Mathematically, the basic setup is captured by a dagger symmetric monoidal category: composition of morphisms models sequential composition of processes, and the tensor product describes parallel composition of processes. The role of the dagger is to assign to each state a corresponding test. These can then be adorned with more structure to study various aspects. For instance:

- A dagger compact category allows one to distinguish between an "input" and "output" of a process. In the diagrammatic calculus, it allows wires to be bent, allowing for a less restricted transfer of information. In particular, it allows entangled states and measurements, and gives elegant descriptions of protocols such as quantum teleportation. In quantum theory, it being compact closed is related to the Choi-Jamiołkowski isomorphism (also known as process-state duality), while the dagger structure captures the ability to take adjoints of linear maps.
- Considering only the morphisms that are completely positive maps, one can also handle mixed states, allowing the study of quantum channels categorically.
- Wires are always two-ended (and can never be split into a Y), reflecting the no-cloning and no-deleting theorems of quantum mechanics.
- Special commutative dagger Frobenius algebras model the fact that certain processes yield classical information, that can be cloned or deleted, thus capturing classical communication.
- In early works, dagger biproducts were used to study both classical communication and the superposition principle. Later, these two features have been separated.
- Complementary Frobenius algebras embody the principle of complementarity, which is used to great effect in quantum computation, as in the ZX-calculus.

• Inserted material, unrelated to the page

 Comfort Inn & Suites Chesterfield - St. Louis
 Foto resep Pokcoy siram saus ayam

A substantial portion of the mathematical backbone to this approach is drawn from 'Australian category theory', most notably from work by Max Kelly and M. L. Laplaza, Andre Joyal and Ross Street, A. Carboni and R. F. C. Walters, and
Steve Lack.
Modern textbooks include Categories for quantum theory and Picturing quantum processes.

== Diagrammatic calculus ==

One of the most notable features of categorical quantum mechanics is that the compositional structure can be faithfully captured by string diagrams.

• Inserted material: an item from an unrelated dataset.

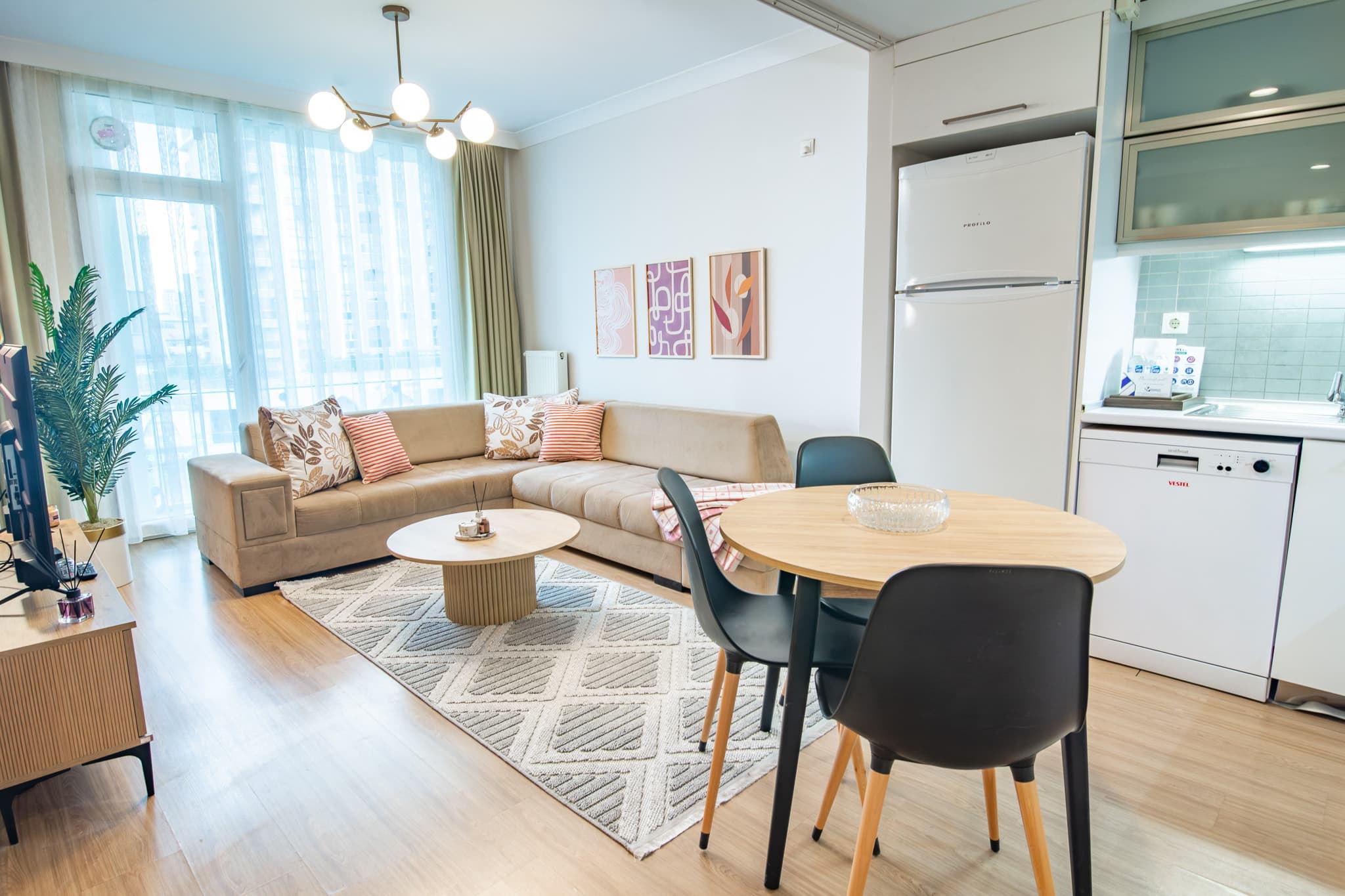 Modern 1BR Apartment Near Kayaşehir attractions, furnished apartment in Başakşehir, Istanbul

These diagrammatic languages can be traced back to Penrose graphical notation, developed in the early 1970s. Diagrammatic reasoning has been used before in quantum information science in the quantum circuit model, however, in categorical quantum mechanics primitive gates like the CNOT-gate arise as composites of more basic algebras, resulting in a much more compact calculus. In particular, the ZX-calculus has sprung forth from categorical quantum mechanics as a diagrammatic counterpart to conventional linear algebraic reasoning about quantum gates. The ZX-calculus consists of a set of generators representing the common Pauli quantum gates and the Hadamard gate equipped with a set of graphical rewrite rules governing their interaction. Although a standard set of rewrite rules has not yet been established, some versions have been proven to be complete, meaning that any equation that holds between two quantum circuits represented as diagrams can be proven using the rewrite rules. The ZX-calculus has been used to study for instance measurement-based quantum computing.

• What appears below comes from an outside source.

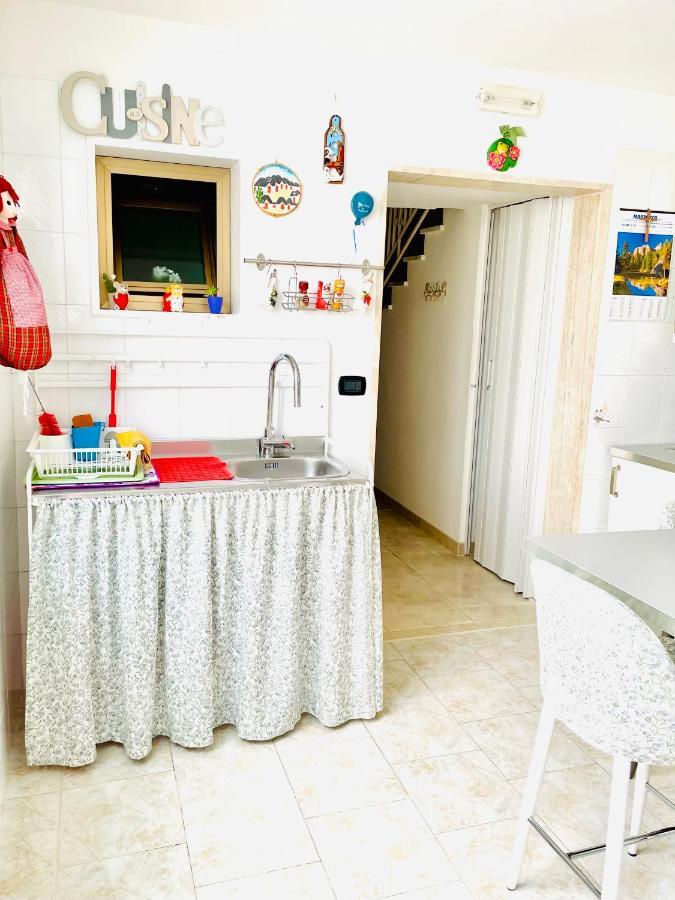 Вилла Relax House Бари Экстерьер фото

== Branches of activity ==
=== Axiomatization and new models ===

One of the main successes of the categorical quantum mechanics research program is that from seemingly weak abstract constraints on the compositional structure, it turned out to be possible to derive many quantum mechanical phenomena. In contrast to earlier axiomatic approaches, which aimed to reconstruct Hilbert space quantum theory from reasonable assumptions, this attitude of not aiming for a complete axiomatization may lead to new interesting models that describe quantum phenomena, which could be of use when crafting future theories.

=== Completeness and representation results ===

There are several theorems relating the abstract setting of categorical quantum mechanics to traditional settings for quantum mechanics.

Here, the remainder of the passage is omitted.